Professor shares novel mathematical concept with Florida Poly students and faculty

Feb 03, 2020
Dr. Udita Katugampola
Dr. Udita Katugampola, assistant professor of mathematics at Florida Polytechnic University, presents a seminar on a quick and nontraditional approach to finding eigenvectors.

Students interested in learning an innovative way to make solving a complex mathematical problem faster and easier crowded into the Aula Magna at Florida Polytechnic University on Jan. 31.

Dr. Udita Katugampola, an assistant professor of mathematics, shared with the students a fast and nontraditional approach he has developed to find the eigenvector of a matrix. He explained how his method can take the process from 10 to 15 minutes for complex matrices to under a minute.

“It is very interesting to see someone like Dr. K present this,” said senior Stephen Boyle, who is majoring in mechanical engineering. “To see the way he thinks about things is very different compared to other people. He sees mathematics almost like another animal – second nature almost.”

Katugampola said he was grading final examinations in December 2019 when he began to try to figure out why some students struggled with the concept and erred on their exams.

“I was thinking about it and those numbers were in my head for a day or two when I suddenly realized this,” Katugampola said. “All of a sudden I thought, ‘Oh, man. This works.’”

According to Katugampola, the simplified method for finding eigenvectors will make it easier for students to understand many new concepts because they will only need knowledge of college algebra as a foundation.

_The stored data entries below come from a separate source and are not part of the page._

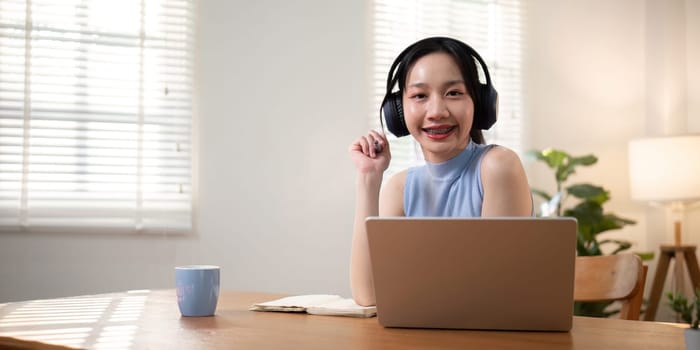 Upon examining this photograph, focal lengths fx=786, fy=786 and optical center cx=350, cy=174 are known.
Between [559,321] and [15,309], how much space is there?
1038mm

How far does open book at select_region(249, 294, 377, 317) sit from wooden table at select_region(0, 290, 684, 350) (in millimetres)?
25

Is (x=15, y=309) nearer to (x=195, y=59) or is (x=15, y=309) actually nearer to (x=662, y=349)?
(x=662, y=349)

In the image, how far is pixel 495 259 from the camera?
1.15m

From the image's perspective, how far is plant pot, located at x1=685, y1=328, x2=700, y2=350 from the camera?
0.89 m

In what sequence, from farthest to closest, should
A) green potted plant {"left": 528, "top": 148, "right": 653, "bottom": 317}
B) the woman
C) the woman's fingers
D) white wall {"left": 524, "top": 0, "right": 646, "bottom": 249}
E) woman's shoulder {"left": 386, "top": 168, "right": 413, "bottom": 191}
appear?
1. white wall {"left": 524, "top": 0, "right": 646, "bottom": 249}
2. green potted plant {"left": 528, "top": 148, "right": 653, "bottom": 317}
3. woman's shoulder {"left": 386, "top": 168, "right": 413, "bottom": 191}
4. the woman's fingers
5. the woman

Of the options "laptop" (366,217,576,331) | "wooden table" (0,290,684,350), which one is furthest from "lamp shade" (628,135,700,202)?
"laptop" (366,217,576,331)

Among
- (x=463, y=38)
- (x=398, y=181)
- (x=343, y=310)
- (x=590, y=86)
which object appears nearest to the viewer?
(x=343, y=310)

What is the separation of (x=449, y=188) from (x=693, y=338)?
35.6 inches

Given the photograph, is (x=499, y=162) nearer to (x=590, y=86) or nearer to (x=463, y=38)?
(x=463, y=38)

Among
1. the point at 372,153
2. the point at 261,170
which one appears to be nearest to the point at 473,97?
the point at 372,153

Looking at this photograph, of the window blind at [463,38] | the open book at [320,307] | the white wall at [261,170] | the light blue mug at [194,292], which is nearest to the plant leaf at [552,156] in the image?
the window blind at [463,38]

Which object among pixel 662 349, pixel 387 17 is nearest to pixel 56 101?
pixel 387 17

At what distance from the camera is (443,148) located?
5.54 feet

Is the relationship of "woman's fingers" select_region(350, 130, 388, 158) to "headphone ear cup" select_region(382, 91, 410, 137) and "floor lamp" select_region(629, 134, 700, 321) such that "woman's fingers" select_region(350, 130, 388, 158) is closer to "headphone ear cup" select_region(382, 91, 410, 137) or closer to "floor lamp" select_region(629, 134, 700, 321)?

The method can be used across many disciplines, as the eigenvectors are used in things like robotics, computer science, image processing, finding chemical reactions, and even the Google search engine.

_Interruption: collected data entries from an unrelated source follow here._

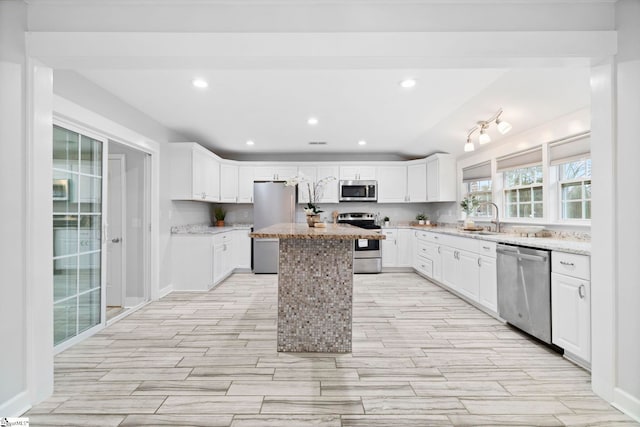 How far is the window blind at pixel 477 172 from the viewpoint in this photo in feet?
15.9

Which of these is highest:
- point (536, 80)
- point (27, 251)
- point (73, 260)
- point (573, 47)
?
point (536, 80)

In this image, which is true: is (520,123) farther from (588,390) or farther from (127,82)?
(127,82)

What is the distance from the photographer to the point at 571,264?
7.71 ft

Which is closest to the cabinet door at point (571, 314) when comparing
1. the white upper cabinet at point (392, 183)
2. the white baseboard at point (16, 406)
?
the white baseboard at point (16, 406)

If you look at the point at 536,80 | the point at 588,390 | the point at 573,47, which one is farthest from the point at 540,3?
the point at 588,390

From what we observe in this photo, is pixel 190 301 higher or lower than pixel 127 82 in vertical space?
lower

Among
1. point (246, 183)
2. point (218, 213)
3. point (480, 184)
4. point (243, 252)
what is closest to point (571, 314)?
point (480, 184)

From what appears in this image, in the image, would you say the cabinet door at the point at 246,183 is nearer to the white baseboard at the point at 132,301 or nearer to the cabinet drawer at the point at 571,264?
the white baseboard at the point at 132,301

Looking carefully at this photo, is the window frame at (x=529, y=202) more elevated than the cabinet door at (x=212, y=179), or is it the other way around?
the cabinet door at (x=212, y=179)

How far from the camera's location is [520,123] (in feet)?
12.1

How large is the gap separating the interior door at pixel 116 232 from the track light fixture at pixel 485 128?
430 cm

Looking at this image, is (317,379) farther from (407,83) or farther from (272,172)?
(272,172)

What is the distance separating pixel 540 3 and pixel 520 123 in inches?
82.4

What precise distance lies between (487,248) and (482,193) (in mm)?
1898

“We are privileged,” said Boyle, from Brandon, Florida. “Most universities don’t have access like this and it’s really cool that this is going to be implemented in our teaching in the next few months while other universities will have to wait for a new book or paper to be published on it.”

The mathematics department at Florida Poly will soon begin incorporating Katugampola’s method into regular instruction.

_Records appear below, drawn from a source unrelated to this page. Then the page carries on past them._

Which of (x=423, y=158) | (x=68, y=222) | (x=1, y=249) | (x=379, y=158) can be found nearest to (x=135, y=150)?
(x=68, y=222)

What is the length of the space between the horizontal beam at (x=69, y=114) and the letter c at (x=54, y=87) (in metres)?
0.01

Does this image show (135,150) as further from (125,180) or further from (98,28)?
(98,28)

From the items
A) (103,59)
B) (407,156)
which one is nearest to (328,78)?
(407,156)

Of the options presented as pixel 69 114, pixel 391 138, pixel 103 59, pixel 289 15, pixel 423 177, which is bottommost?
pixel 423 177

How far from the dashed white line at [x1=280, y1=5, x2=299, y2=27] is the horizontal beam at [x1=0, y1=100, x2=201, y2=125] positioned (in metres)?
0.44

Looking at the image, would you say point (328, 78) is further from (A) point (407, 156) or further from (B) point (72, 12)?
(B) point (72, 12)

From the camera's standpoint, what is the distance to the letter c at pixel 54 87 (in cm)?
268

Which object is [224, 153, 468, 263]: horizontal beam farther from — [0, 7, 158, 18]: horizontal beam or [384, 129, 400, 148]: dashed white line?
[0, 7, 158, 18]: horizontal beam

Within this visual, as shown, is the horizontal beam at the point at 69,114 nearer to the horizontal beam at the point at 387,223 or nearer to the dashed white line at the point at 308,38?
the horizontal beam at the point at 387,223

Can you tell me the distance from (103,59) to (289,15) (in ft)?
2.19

Katugampola submitted a 40-page paper detailing this method to a top mathematics journal for consideration. He is also planning several national and international research talks to disseminate his findings and discuss them for further development.

“Recently, Dr. Terence Tao and his collaborators at UCLA found another method to determine eigenvectors for Hermitian matrices, but our method works for pretty much any matrix, Hermitian or not,” Katugampola said.

Katugampola said his method uses simple subtraction to find those eigenvectors and hopes students will remember it through the mnemonic, “Find your puppy at your neighbor’s,” meaning the eigenvector is in the other matrix.

Seminar attendees said they were grateful to learn Katugampola’s method.

“Him being able to teach us this method will save us a lot of time,” said Sandra Davis, a senior majoring in mechanical engineering from Plant City, Florida. “His approach to math is always so different, and he always tries to give us extra information and find the easiest approaches for us.”